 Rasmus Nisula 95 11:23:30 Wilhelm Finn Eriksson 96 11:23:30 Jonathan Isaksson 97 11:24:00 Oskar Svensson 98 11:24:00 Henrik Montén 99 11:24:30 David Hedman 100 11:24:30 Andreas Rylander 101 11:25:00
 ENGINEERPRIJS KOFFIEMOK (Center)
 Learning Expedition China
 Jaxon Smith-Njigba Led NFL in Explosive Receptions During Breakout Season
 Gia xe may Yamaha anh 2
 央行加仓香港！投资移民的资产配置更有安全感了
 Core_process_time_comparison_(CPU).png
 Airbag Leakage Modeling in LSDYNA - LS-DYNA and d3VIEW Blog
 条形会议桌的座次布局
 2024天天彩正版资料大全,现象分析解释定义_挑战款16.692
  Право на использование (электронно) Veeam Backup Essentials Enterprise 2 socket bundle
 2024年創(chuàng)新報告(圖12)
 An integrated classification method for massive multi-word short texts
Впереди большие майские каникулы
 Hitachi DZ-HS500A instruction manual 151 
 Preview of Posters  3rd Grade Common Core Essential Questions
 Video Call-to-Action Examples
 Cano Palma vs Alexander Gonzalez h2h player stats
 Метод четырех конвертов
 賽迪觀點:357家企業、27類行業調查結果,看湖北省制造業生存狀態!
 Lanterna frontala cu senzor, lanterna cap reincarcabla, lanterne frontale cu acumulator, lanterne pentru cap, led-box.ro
:::
* **Work order**
Starting at the line that contains "Gia xe may Yamaha anh 2", repeat each line exactly through the last one in the listing. Include both of those lines and nothing more.

* **Exercise output**
 Gia xe may Yamaha anh 2
 央行加仓香港！投资移民的资产配置更有安全感了
 Core_process_time_comparison_(CPU).png
 Airbag Leakage Modeling in LSDYNA - LS-DYNA and d3VIEW Blog
 条形会议桌的座次布局
 2024天天彩正版资料大全,现象分析解释定义_挑战款16.692
  Право на использование (электронно) Veeam Backup Essentials Enterprise 2 socket bundle
 2024年創(chuàng)新報告(圖12)
 An integrated classification method for massive multi-word short texts
Впереди большие майские каникулы
 Hitachi DZ-HS500A instruction manual 151 
 Preview of Posters  3rd Grade Common Core Essential Questions
 Video Call-to-Action Examples
 Cano Palma vs Alexander Gonzalez h2h player stats
 Метод четырех конвертов
 賽迪觀點:357家企業、27類行業調查結果,看湖北省制造業生存狀態!
 Lanterna frontala cu senzor, lanterna cap reincarcabla, lanterne frontale cu acumulator, lanterne pentru cap, led-box.ro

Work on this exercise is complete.